Ilhan has been sounding the alarm about Trump for years. Now, she said, even people who have stood by him are calling for his removal, too.
Ilhan began calling for a second impeachment of Trump earlier this week after details emerged of a phone call to Georgia’s secretary of state in which Trump urged him to find enough votes for him to win the state.
“This is not a one-off incident,” Ilhan said in a statement Wednesday. “It is the result of years of collaboration on the part of the Republican Party, who have aided and abetted Trump’s criminal attempts to destroy our republic, and the cause of democracy around the world.”

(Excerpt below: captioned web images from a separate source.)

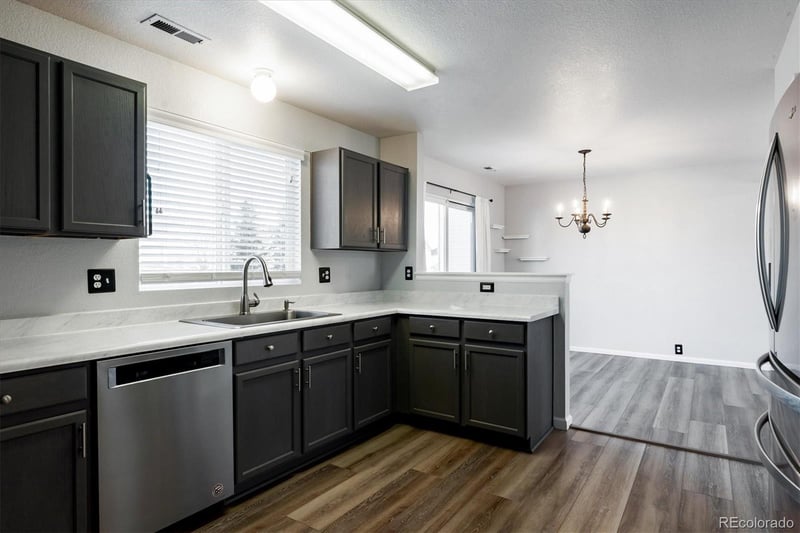 6610 Hannah Rose Rd, Colorado Springs, CO 80923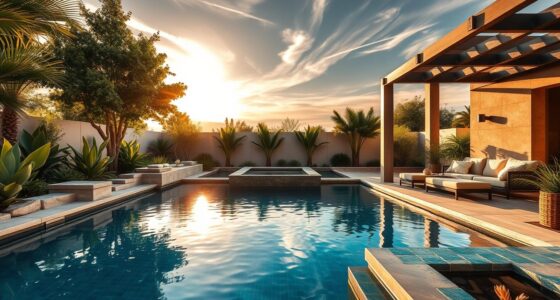 Top Swimming Pool Trends Transforming Backyard Escapes in 2025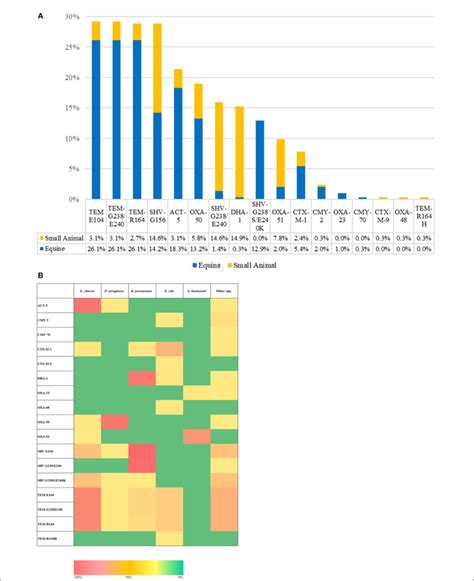 Figure Overall Extended Spectrum Beta Lactamase Esbls Tem Shv Oxa Download Scientific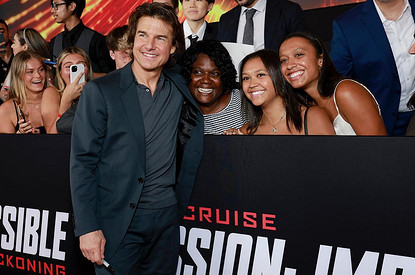 Стала известна неожиданная причина неудач Тома Круза с женщинами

Kathryn Pearson, a University of Minnesota professor who specializes in studying Congress, said she was not surprised by how quickly members began calling for consequences. But she added that it’s difficult to predict what might happen.
“His attacks on Representative Omar were unprecedented,” Pearson said of Ilhan’s efforts specifically. “It’s not surprising that she would respond quickly.”

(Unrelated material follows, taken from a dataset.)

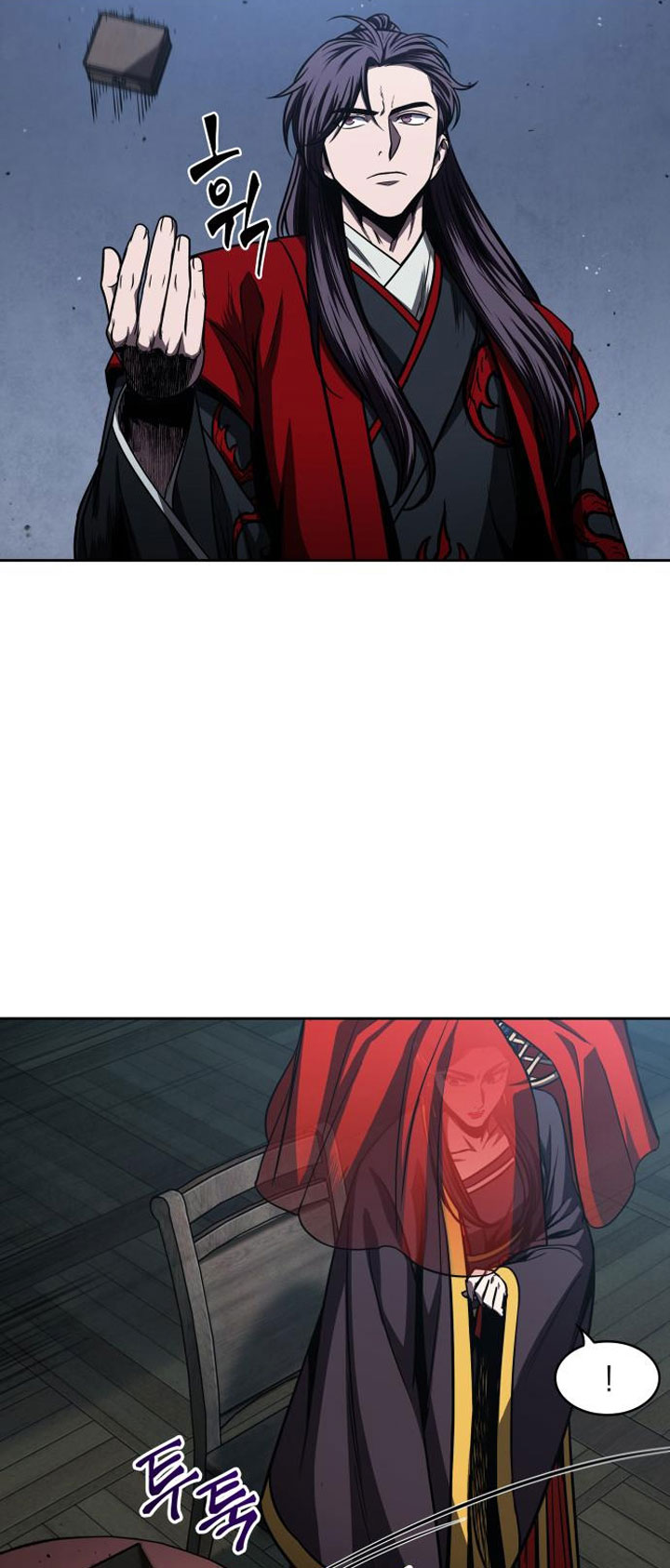 Nano Machine - Chapter 92 - Page 62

Pearson is doubtful that a majority of the president’s Cabinet will support invoking the 25th Amendment, especially as Transportation Secretary Elaine Chao resigned Thursday. She added: “You could argue that it’s Congress’ responsibility to respond.”
The complication there, Pearson said, is whether enough Republicans would be on board.
Immigrant elected officials and community leaders in Minnesota expressed support for Ilhan’s effort and noted the significance of someone constantly berated by Trump being the one to spark the move toward impeachment.
State Senator Omar Fateh, the first Somali-American elected to the Minnesota Senate, said he stands with Ilhan’s effort to impeach Trump. He added that “anti-Democracy protesters” who attacked the Capitol have tried to subvert American democracy, at the instruction of Trump and right-wing leaders.
“It is an act of patriotism to take to the streets, to protest, and participate in civil disobedience to fight against injustice taking place in your country,” Omar said. “It is not an act of patriotism to engage in sedition and use fear-mongering and conspiracy to try to overturn the outcome of a certified election.”
Habon Abdulle, the executive director of civic engagement group Ayada Leads, said Ilhan was the first person her organization had recruited for campaign training in 2015. She remains friends with Ilhan and is an avid supporter.
Despite constantly being called “un-American,” Habon said Ilhan showed “how much she loves this country,” with her swift and bold action.
“Supporting sedition and inspiring pro-Trump riots to refuse Biden’s victory—That’s un-American,” she said.